La question que nous on pose d’abord, c’est de savoir quels sont les avantages et les inconvénients. Il y a un certain nombre d’avantages : il faut le reconnaître, le franc est stable, on n’a pas de crise de change, l’inflation est faible, c’est un fait. On est à 2% d’inflation, on a des pays qui sont à 18%, et qui subissent régulièrement des crises de change, et qui rendent le projet économique incertain. Ça, nous l’avons réglé. C’est aussi un facteur d’intégration sous- régionale. On a huit pays qui ont la même monnaie. Vous n’avez pas de problème de change lorsque vous exportez avec le Mali, le Burkina, et ça facilite les échanges, le commerce intrazone ainsi de suite…Mais on a aussi des inconvénients : une monnaie qui a un taux de change fixe, alignée à une monnaie forte, qui ne reflète pas les fondamentaux de nos économies. Si vous êtes un Sénégalais et que vous exportez aux Etats-Unis, si l’euro se renchérit par rapport au dollar, le CFA automatiquement se renchérit. Donc vos produits deviennent automatiquement plus cher, alors que ce n’est lié ni à la qualité, ni à votre compétitivité, ni à votre économie. Ça c’est un problème, et c’est valable pour le yen, pour le yuan, pour toutes les devises internationales, ou pour tous ces pays-là.

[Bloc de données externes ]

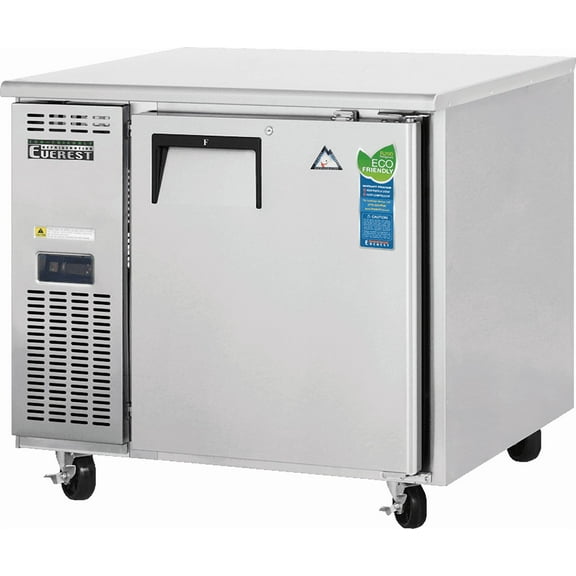 Everest Refrigeration ETF1 Undercounter Worktop Freezer 1 Door, 115v, NSF - 9.0 cu. ft.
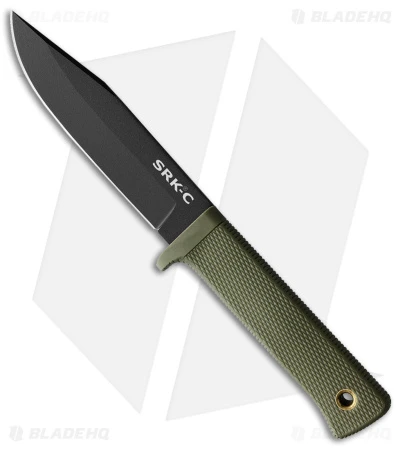 Cold Steel SRK Compact Fixed Blade Knife OD Green Kray-Ex (5" Black SK-5) 1 Cold Steel SRK Compact Fixed Blade Knife OD Green Kray-Ex (5" Black SK-5)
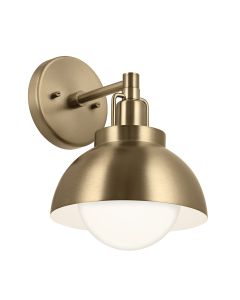 Niva 1 lt Convertible Wall Light - Champagne Bronze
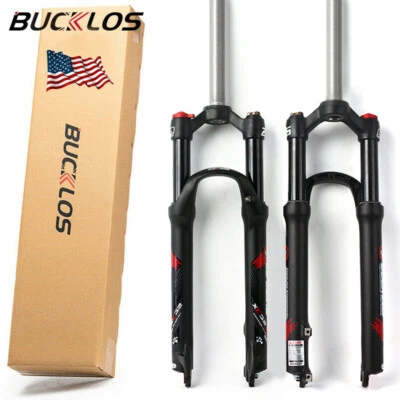 BUCKLOS 26/27.5/29" MTB Bike 1-1/8 Suspension Fork 100mm Travel QR Front 1 1/8" - Image 1 of 4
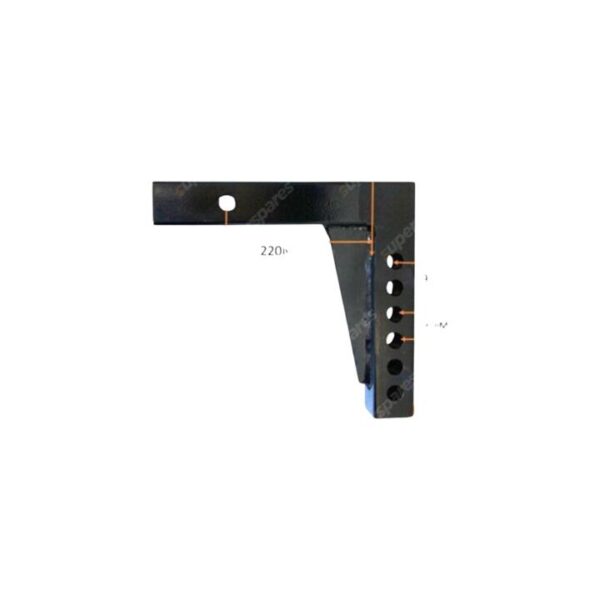 Roadsafe Multi-Hitch Compatible Long Shank - Solid Steel 152mm Long Drop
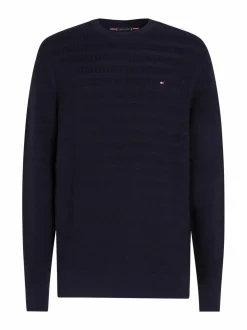Neuleet<Tommy Hilfiger Stripe Structure Crew Neck -neulepaita DW5 DESERT SKY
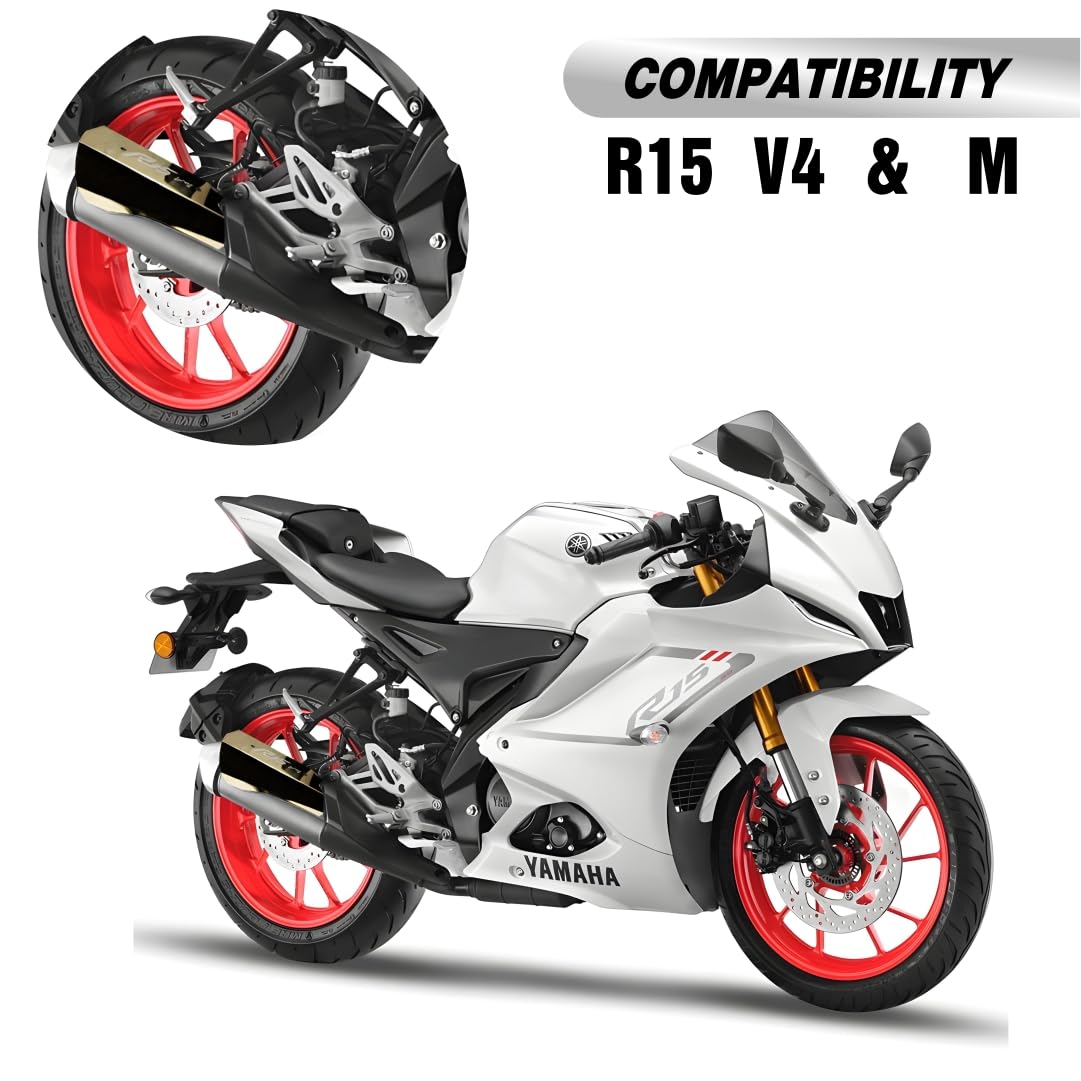 MIKANIX Premium Yamaha R15 V4 Exhaust Cover Silencer Protector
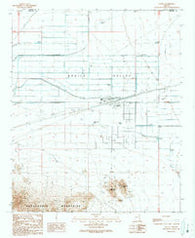 Aguila Arizona Historical topographic map, 1:24000 scale, 7.5 X 7.5 Minute, Year 1990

Deuxièmement, le deal, ça a été de dire que la France et l’euro garantissent la convertibilité internationale de la monnaie, et que, en contrepartie, une proportion importante de nos réserves en devises sont logées dans un compte, le compte d’opération, auprès du Trésor français, que la France gère. C’est un problème. D’abord, ces 20-30 dernières années, ce compte-là a toujours été excédentaire, donc ça veut dire que cet argent est immobilisé là-bas, c’est des sommes importantes, ça se chiffre en milliers de milliards de francs CFA, alors que nous avons besoin de ressources pour investir dans nos infrastructures, pour financer nos économies, mais ça veut aussi dire que nous ne sommes pas autonomes dans la gestion de la politique monétaire, nous passons notre temps à défendre la valeur externe du franc CFA. La politique monétaire que nous avons, elle n’est pas ambitieuse. Et ça, pour des économies qui veulent développer leur potentiel de croissance, c’est un vrai problème, et les économistes ont vu que le meilleur régime de change pour nous, c’est un régime flottant, encadré, adossé à un panier de monnaies, ce qu’on appelle un currency board, au pro-rata du volume d’échanges avec les pays ; un panier de monnaies dans lequel il y aurait de l’euro, au pro- rata du volume, du yuan, du yen, d’autres monnaies, et avec une marge de fluctuation qui fait que lorsque nous avons des chocs, nous pouvons ajuster, nous pouvons faire comme les Chinois, qui dévaluent le yuan, nous pouvons relancer nos économies, et ça, c’est fondamental pour nos économies. Il y a un travail sérieux, que les économistes ont mis en place, pour montrer que le meilleur régime de change, c’est celui-là, et surtout que nous avons les moyens nous-mêmes de garantir notre monnaie, avoir nos réserves en devises mutualisées, sans être sous la tutelle de la France, et sans entraver notre potentiel de politique économique. Et je passe sur les arguments symboliques, institutionnels, que nous connaissons tous, mais ne serait-ce que dans l’espace de l’économie, il y a énormément d’arguments sérieux. Qu’on ne vienne pas nous dire que c’est un discours idéologique. Ce travail existe, s’ils se donnent la peine de dialoguer et d’aller voir.